No. It was to meet the girl.
Kicking off, he coasted down the grassy hill toward home.
Will left his toolbag on the screened back porch and crept in through the mud room just off the kitchen. He was hoping to avoid notice, and with the kitchen in such a state, that wasn’t hard. Pots bubbled and steamed, china and silverware clanked. Potatoes were being mashed, vegetables creamed, gravy stirred. It was like the engine room of a battleship about to engage a hostile fleet. A dozen itinerant girls—charity cases from all up and down the West Coast that his soft-hearted Ma’am took in and employed—worked under her watchful eye. There were so many of them, and in such constant rotation, that it was flat impossible to keep their names straight. Will had adopted the tactic of calling them all “Maisy” and accepting whatever good-natured or sharp-tongued correction might ensue.
The final turkey had just come out of the oven (there were three birds in all, each twenty pounds if it was an ounce, each shot by Nate in the thick oak groves along the Sacramento River) and preparations were being made for the food’s distribution to various destinations. One turkey would go to the German family who ran the farm, one would go to the charity girls, and the last—the largest—would be served to the family. The birds that had been roasted earlier were covered with large chargers laid over with folded wool blankets that shimmered slightly; his Ma’am’s sorcerous handiwork would keep the birds at the perfect temperature indefinitely.
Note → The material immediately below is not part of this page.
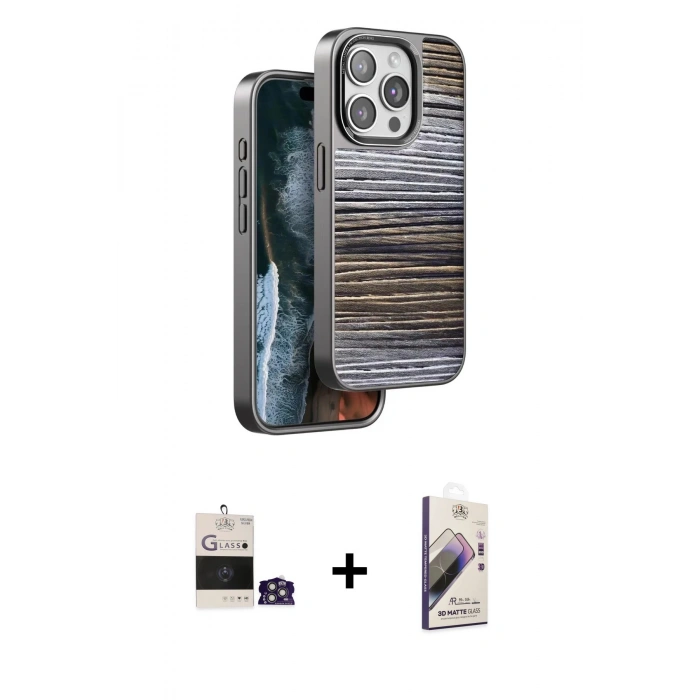 MARSİLYAN™- iPhone 14 Pro Max Kılıf Atlas Minimal Özel Seri - Siyah Bilvis 3D Mat Cam Ekran Koruyucu + Bilvis Titan Kamera Lens - GS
Surreptitiously lifting one of the covers, Will picked off a piece of turkey meat. Then, licking his fingers, he snuck up behind his mother—who had not yet noticed his arrival—and laid an indifferent peck on her cheek.
“Hi,” he grunted.
“Will!” Ma’am whirled and seized him. She showered him with kisses as if she hadn’t seen him in months. “I’m so glad you came back. Were you over at Pask’s? I was worried about you!”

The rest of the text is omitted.